§ **Source material**:
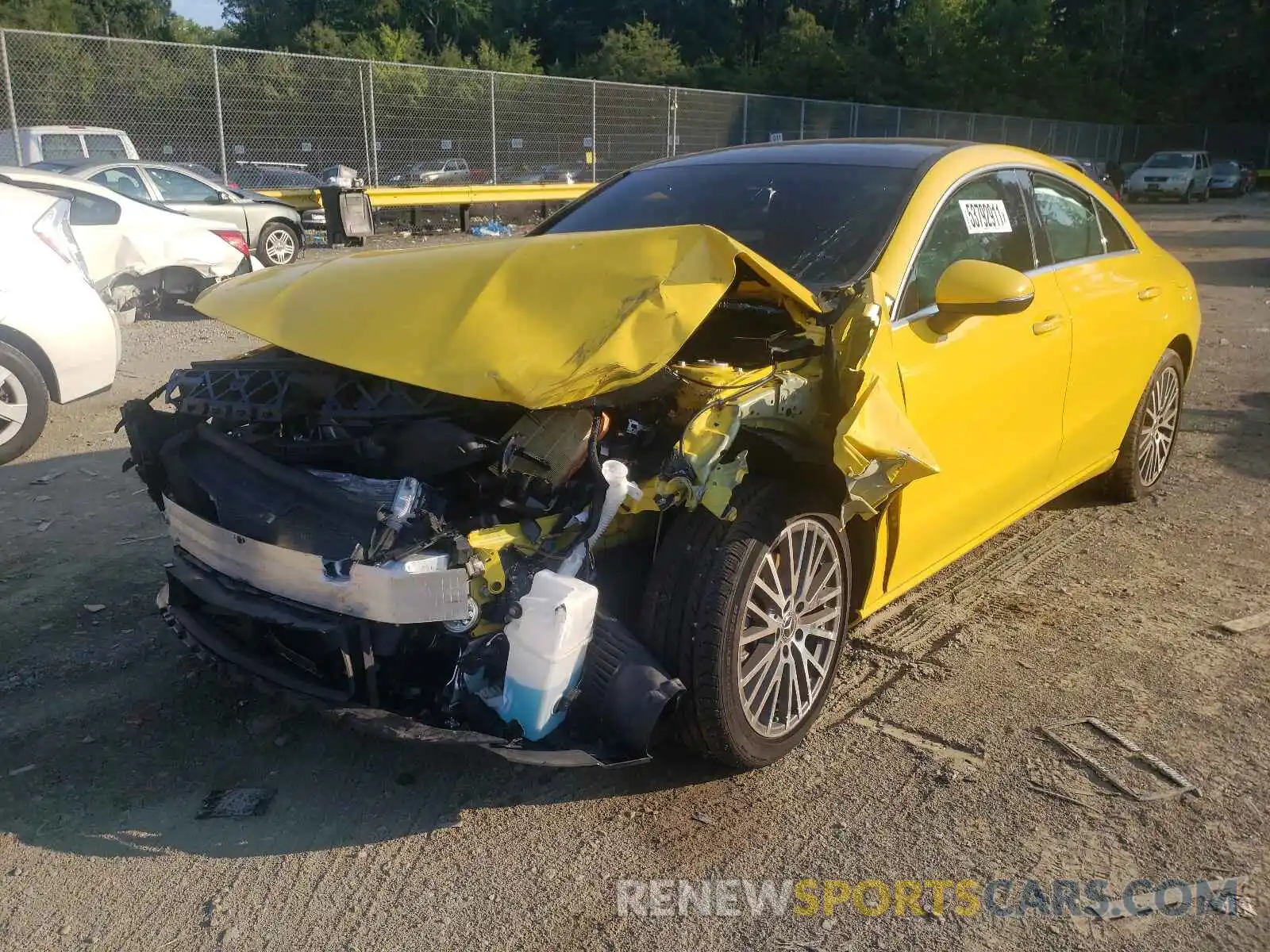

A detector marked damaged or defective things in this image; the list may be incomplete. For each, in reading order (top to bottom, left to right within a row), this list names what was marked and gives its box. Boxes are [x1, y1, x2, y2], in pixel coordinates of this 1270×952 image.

broken headlight opening [121, 345, 822, 766]
crumpled yellow hood [191, 225, 818, 409]
damaged front end [119, 223, 934, 766]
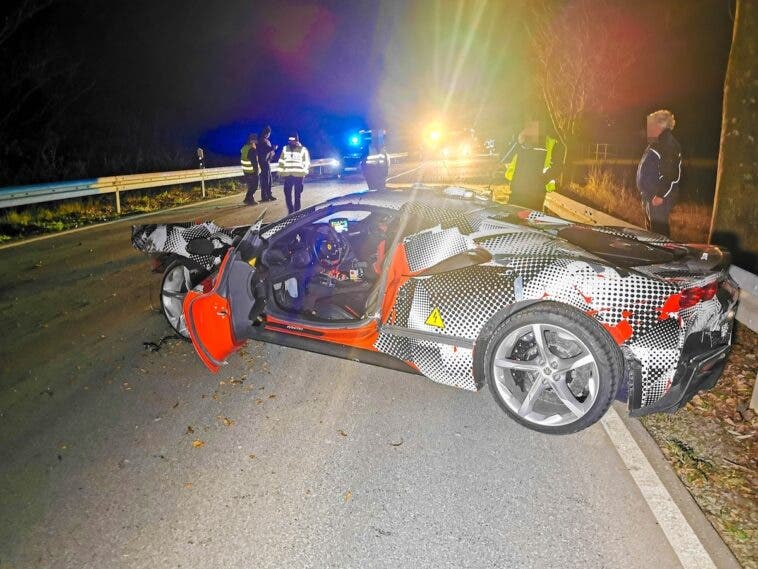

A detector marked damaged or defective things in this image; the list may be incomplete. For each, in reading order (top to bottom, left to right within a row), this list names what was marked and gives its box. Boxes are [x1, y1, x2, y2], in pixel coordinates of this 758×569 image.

crashed sports car [134, 187, 740, 434]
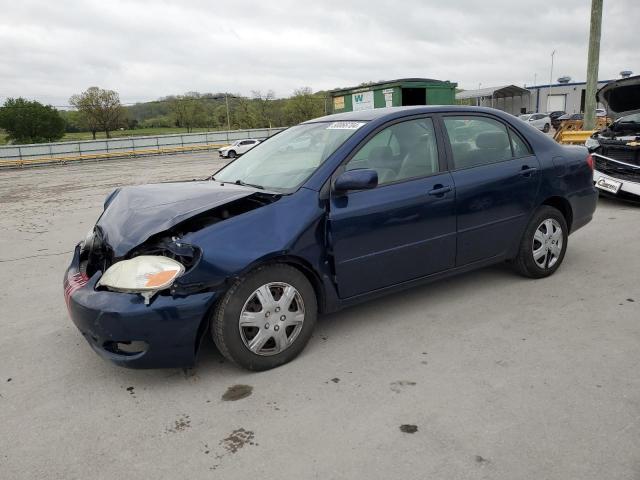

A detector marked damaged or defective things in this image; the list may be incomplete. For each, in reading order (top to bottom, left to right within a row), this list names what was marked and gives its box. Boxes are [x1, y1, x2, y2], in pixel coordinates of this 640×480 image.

crumpled hood [596, 76, 640, 120]
damaged front end [592, 76, 640, 200]
crumpled hood [94, 180, 258, 256]
broken headlight [96, 255, 184, 304]
detached bumper piece [64, 246, 219, 370]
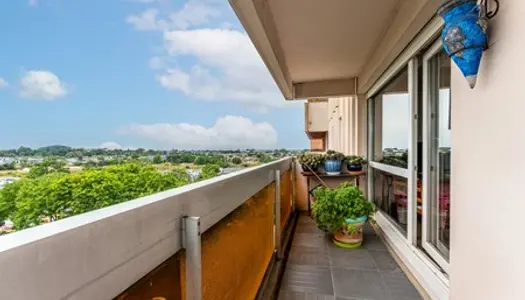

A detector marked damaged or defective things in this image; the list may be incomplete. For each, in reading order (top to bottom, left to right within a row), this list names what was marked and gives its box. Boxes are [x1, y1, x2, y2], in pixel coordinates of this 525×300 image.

rusty orange panel [113, 248, 184, 300]
rusty orange panel [200, 183, 274, 300]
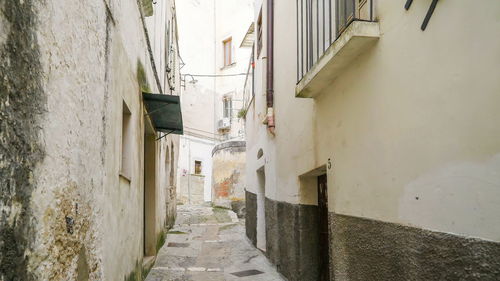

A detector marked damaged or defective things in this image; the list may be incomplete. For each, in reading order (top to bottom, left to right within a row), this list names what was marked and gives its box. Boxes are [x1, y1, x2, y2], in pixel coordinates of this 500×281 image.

peeling paint wall [0, 0, 180, 278]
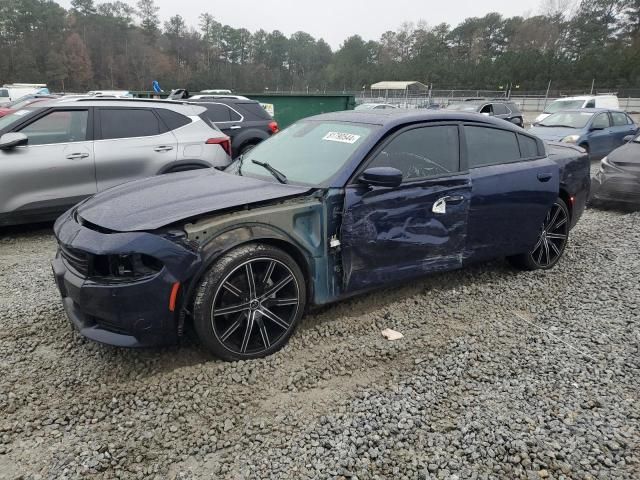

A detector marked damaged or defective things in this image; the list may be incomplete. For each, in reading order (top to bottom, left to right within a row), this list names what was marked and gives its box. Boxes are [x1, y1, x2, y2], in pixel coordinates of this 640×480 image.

§ **Task directions**: Only the lines from the line with "this 525×300 image." to the bottom of the material above should be reproduced, exactly and without pictures.

§ **Task result**:
A detector marked damaged or defective things in this image; the list may be incomplete. For each, in reading order (top to bottom, left to right within a row), this list names what was marked and gives its box. Boxes are [x1, y1, x2, y2], in pixel coordinates of this 525×300 image.

rusty orange panel [113, 248, 184, 300]
rusty orange panel [200, 183, 274, 300]

A detector marked damaged or defective things in this image; the list may be incomplete. For each, in reading order (top to bottom, left to right within a row), this list names what was marked and gives its box. Boxes are [x1, y1, x2, y2], in pixel coordinates of this 500×281 image.

peeling paint wall [0, 0, 180, 278]

A detector marked damaged or defective things in this image; the list may be incomplete. For each, in reading order (top to bottom, left to right within a row), this list names what was marked and gives its box. Boxes are [x1, y1, x2, y2], in pixel coordinates of this 640×480 image.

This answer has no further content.